Assignment:
In the entries that follow, repeat exactly the lines from the one that has "684 - ERCOL" through the one that has "Aurinkovarjon jalusta Ø38", but omit pictures.

-*-*-

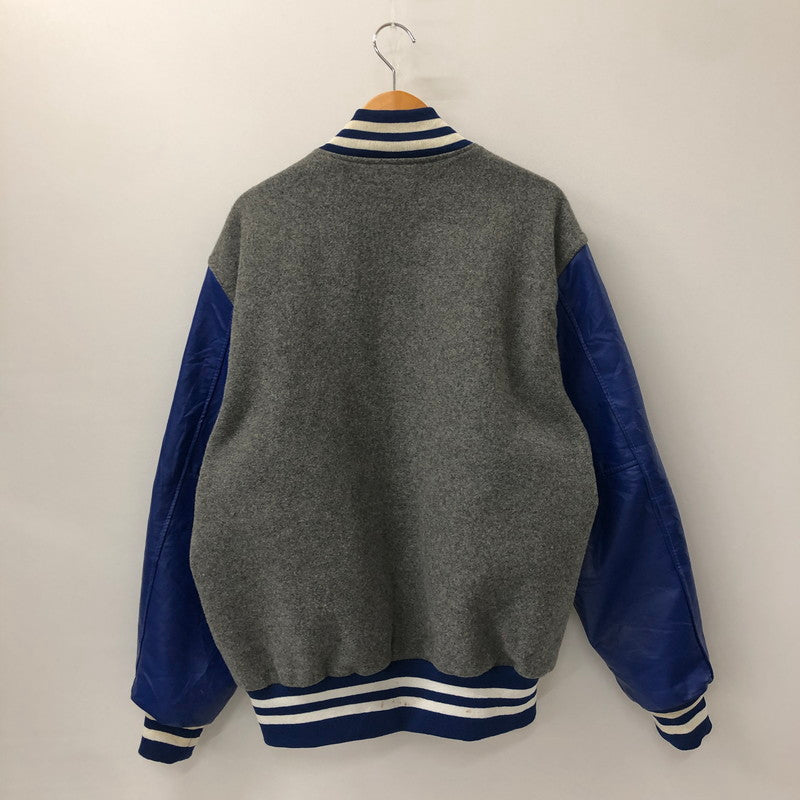 【中古品】【メンズ】  HOLLOWAY ホロウェイ LEATHER SLEEVE VARSITY JACKET レザースリーブ バーシティージャケット アウター スタジャン USA製 145-250116-kk-28-tei サイズ：L カラー：グレー/ブルー 万代Net店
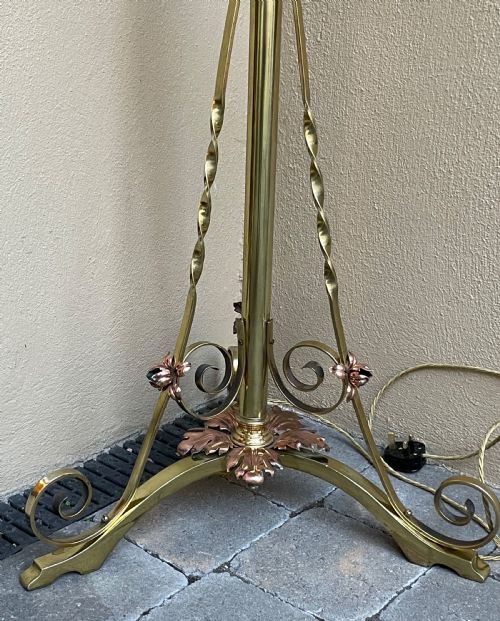 ART NOUVEAU BRASS COPPER STANDARD LAMP - ADDITIONAL PHOTO 2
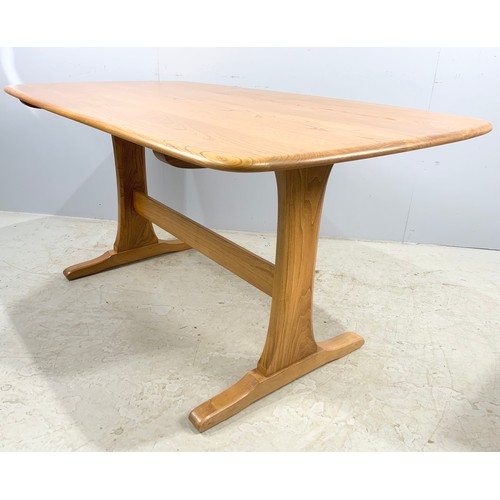 684 - ERCOL BLONDE REFECTORY STYLE DINING TABLE 152cm x 82cm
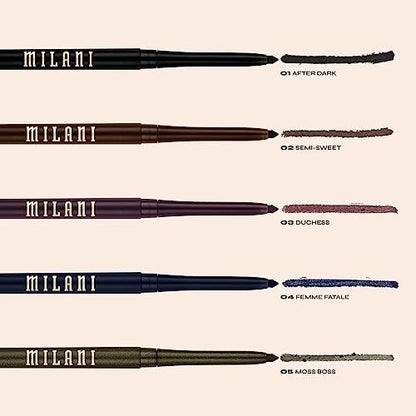 Milani Stay Put Eyeliner - After Dark - Long-Lasting, Cruelty-Free Self-Sharpening Eye Pencil with Built-In Smudger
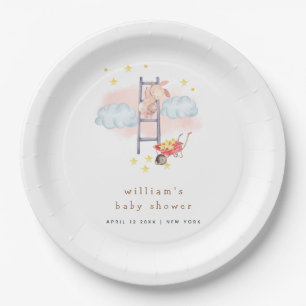 Minimal Watercolor Boho Bunny Stars Baby Shower Paper Plate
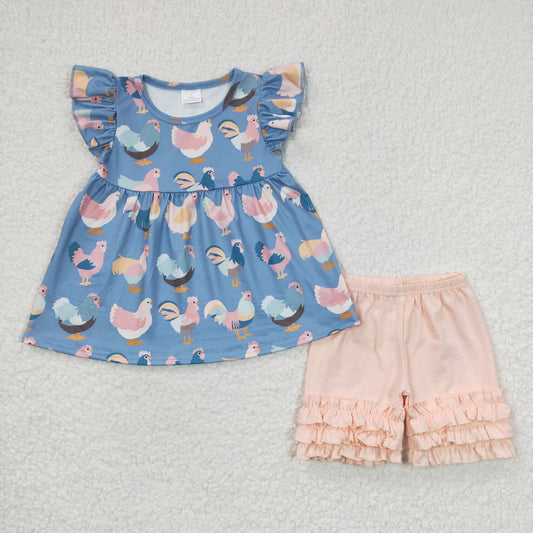 Girls flutter sleeves chicken print summer outfit GSSO0168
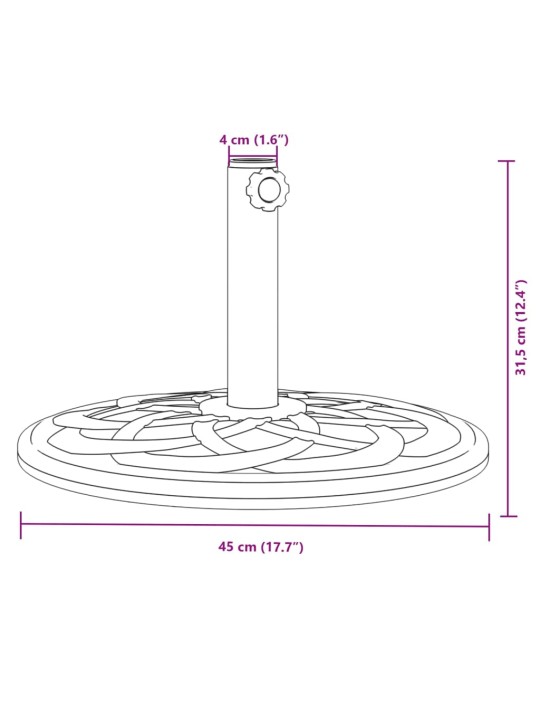 Aurinkovarjon jalusta Ø38 / 48 mm tangolle 12 kg pyöreä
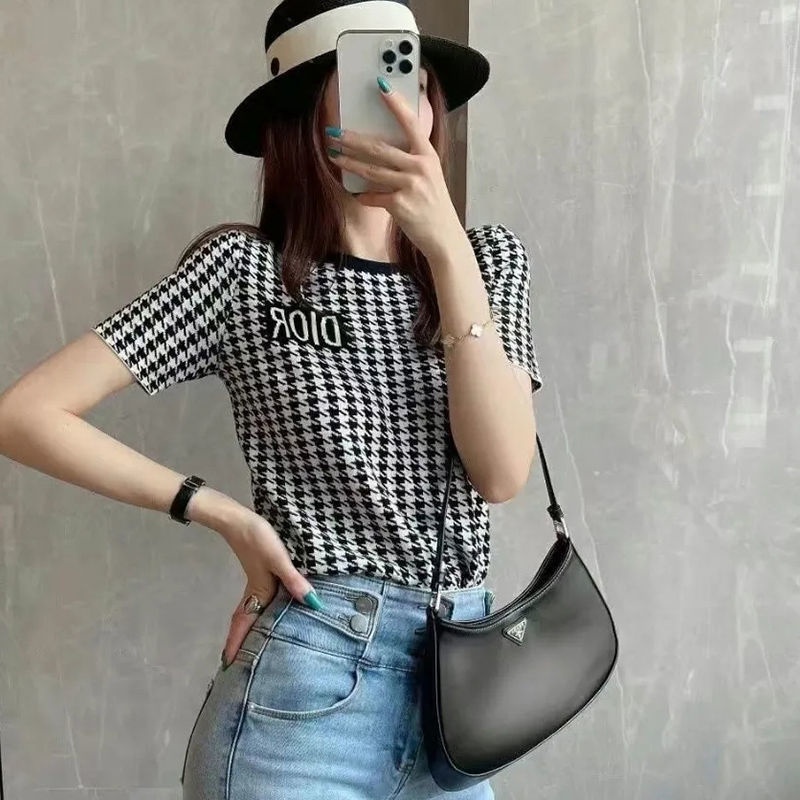 Áo thun dệt kim bằng lụa lạnh jacquard ngắn tay dáng ôm thời trang dior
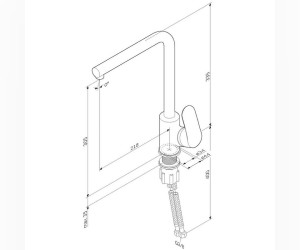 Смеситель для кухни Am.Pm Like, черный матовый, F8005022
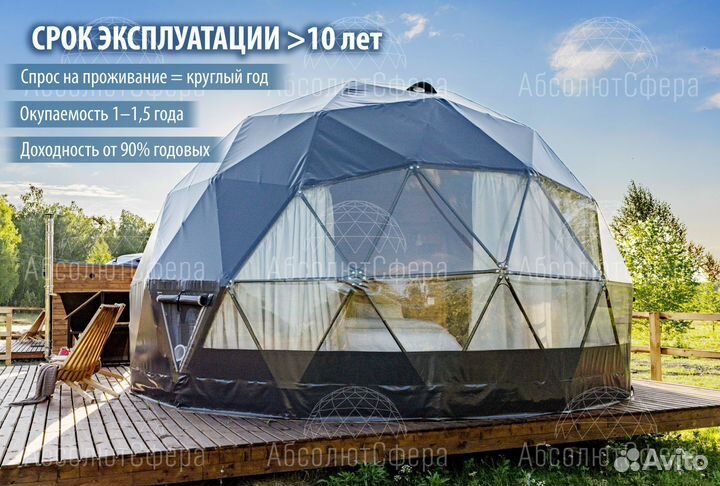 Летний геокупол D6. Домик для глэмпинга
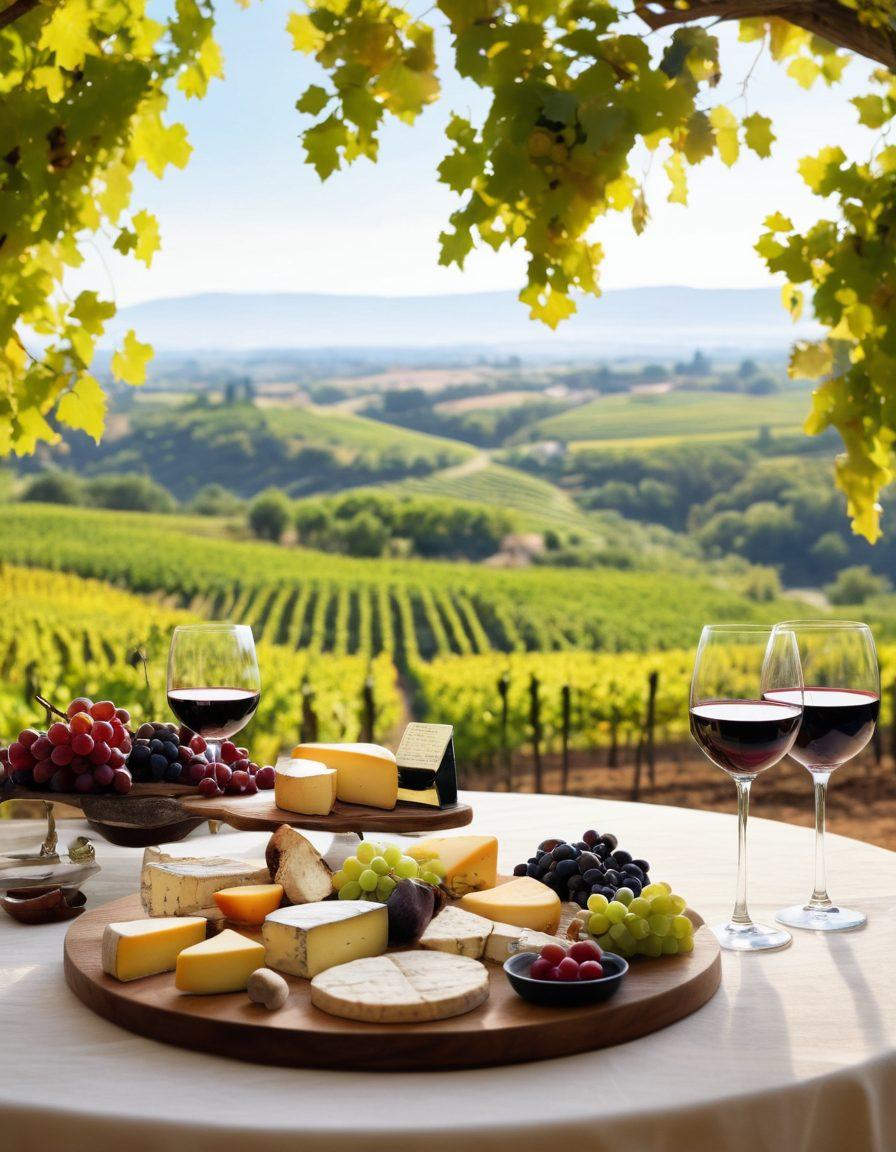A beautifully arranged table featuring a sommelier selecting and tasting various wines from around the world, with a backdrop of iconic wine regions like Bordeaux and Tuscany. The table is adorned with wine glasses, tasting notes, and cheese pairings, infused with warm, inviting light. Vibrant grapevines in the background symbolizing the vineyard's richness, evoking a sense of celebration. super-realistic. vibrant colors. soft focus.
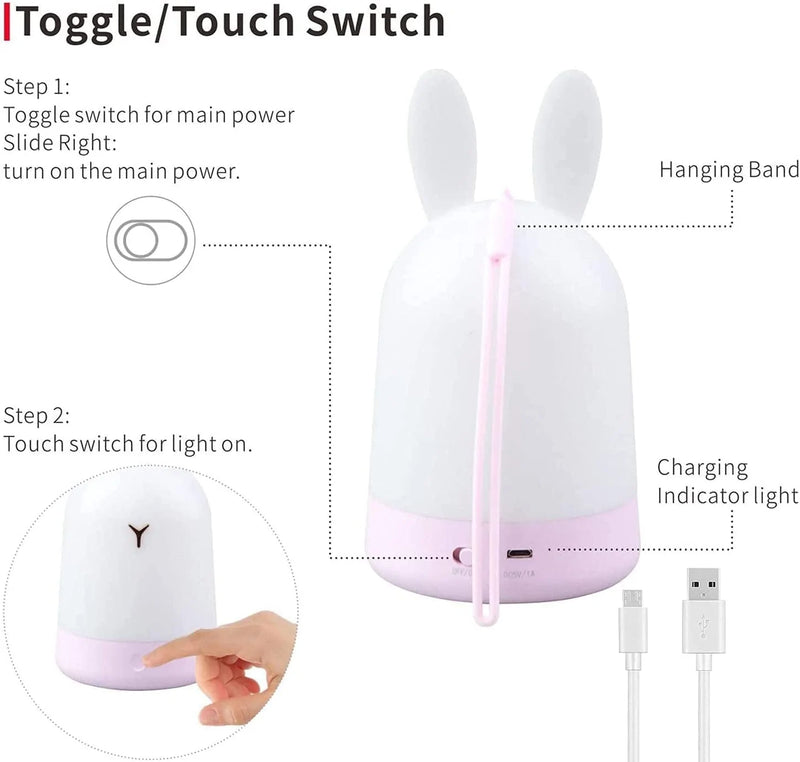 Riverlux Cute Bunny Night Light,Child Night Light,Dimmable Touch Lamp with Remote Control and Timer,Rechargeable Night Light for Kids,Usb Lantern Night Light,Gift Ideas Home & Garden > Lighting > Night Lights & Ambient Lighting RiverLux   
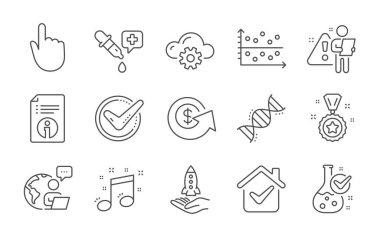 Teknik bilgi, kimya laboratuvarı ve kimya DNA çizgisi simgeleri hazır. Nokta arsa, kitle fonlama ve kazanan ödül tabelaları. Dolar değişimi, el tıklama ve onaylanmış semboller. Satır simgeleri ayarlandı. Vektör
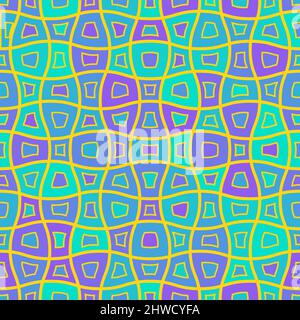 Retro Cartoon 70s with distorted checkered seamless pattern background Stock Vector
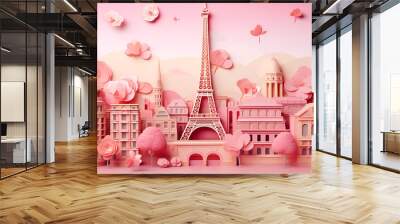 pink paris Wall mural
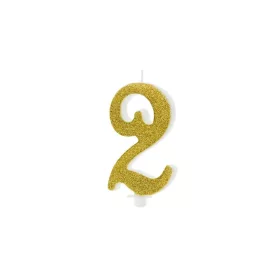 PartyDeco születésnapi glitter gyertya, 2, arany, 10cm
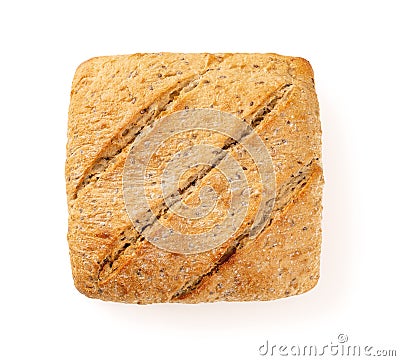 Square loaf of bread with flax seeds cutout. Whole wheat bread with a delicious crispy crust isolated on a white background. Tasty Stock Photo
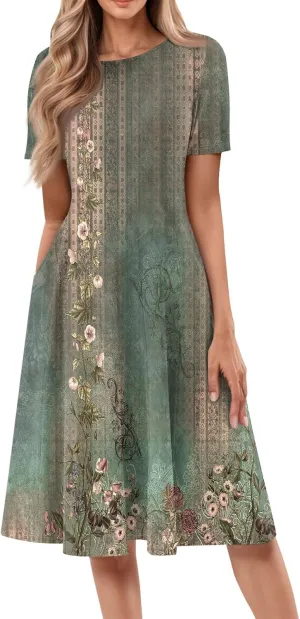 Women's Bohemian Short Sleeve Casual A Line Swing Flowy Midi Dress with Vintage Floral Print for Summer and Spring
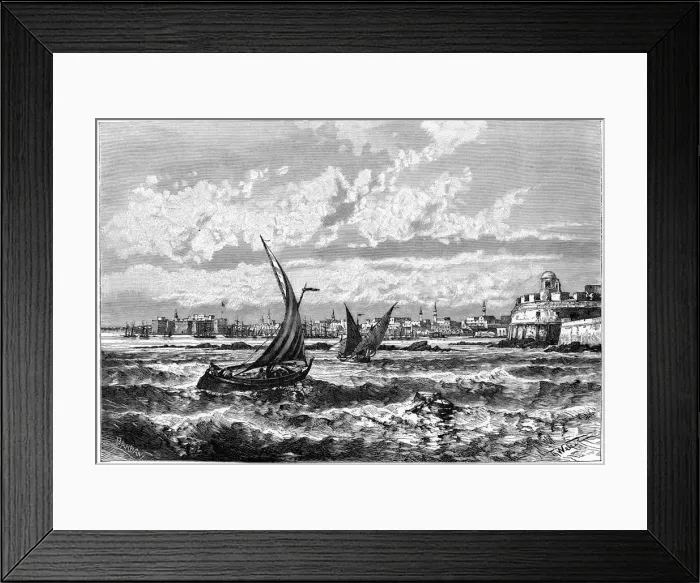 Framed Print : Tripoli from the Roadstead, c1890. Artist: Barbant Framed Print : Tripoli from the Roadstead, c1890. Artist: Barbant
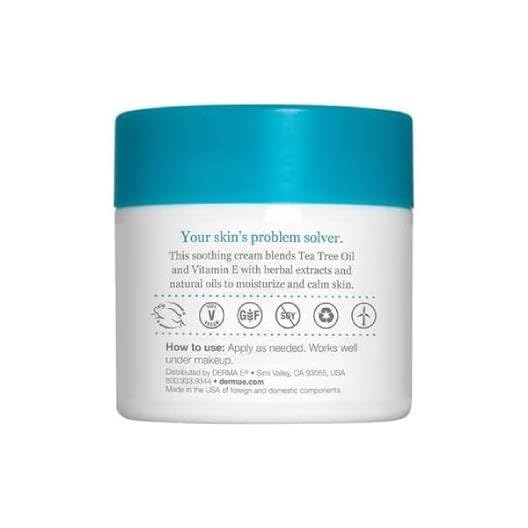 Derma E Tea Tree and Vitamin E Relief Cream – Deeply Moisturizing Tea Tree Lotion – Vitamin E Cream Soothes, Calms and Nourishes Dry, Irritated Skin, 4 oz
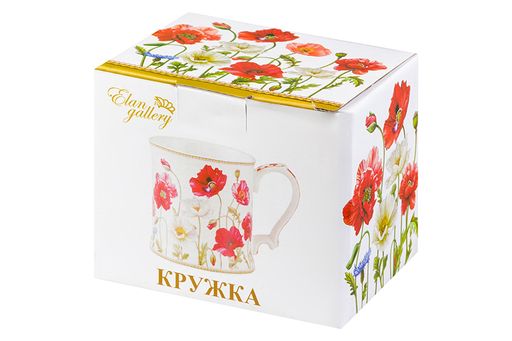 Кружка 380 мл 12,3*9*9 см "Маки" NEW BONE CHINA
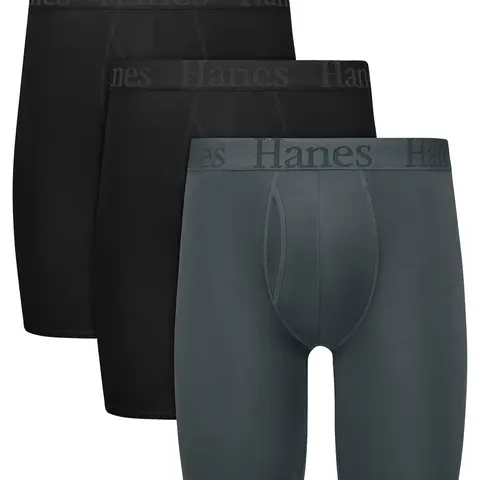 Hanes Originals Men's SuperSoft Long Leg Boxer Brief Underwear, Total Support Pouch, Assorted, 3-Pack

-*-*-

Exercise output:
 684 - ERCOL BLONDE REFECTORY STYLE DINING TABLE 152cm x 82cm
 Milani Stay Put Eyeliner - After Dark - Long-Lasting, Cruelty-Free Self-Sharpening Eye Pencil with Built-In Smudger
 Minimal Watercolor Boho Bunny Stars Baby Shower Paper Plate
 Girls flutter sleeves chicken print summer outfit GSSO0168
 Aurinkovarjon jalusta Ø38 / 48 mm tangolle 12 kg pyöreä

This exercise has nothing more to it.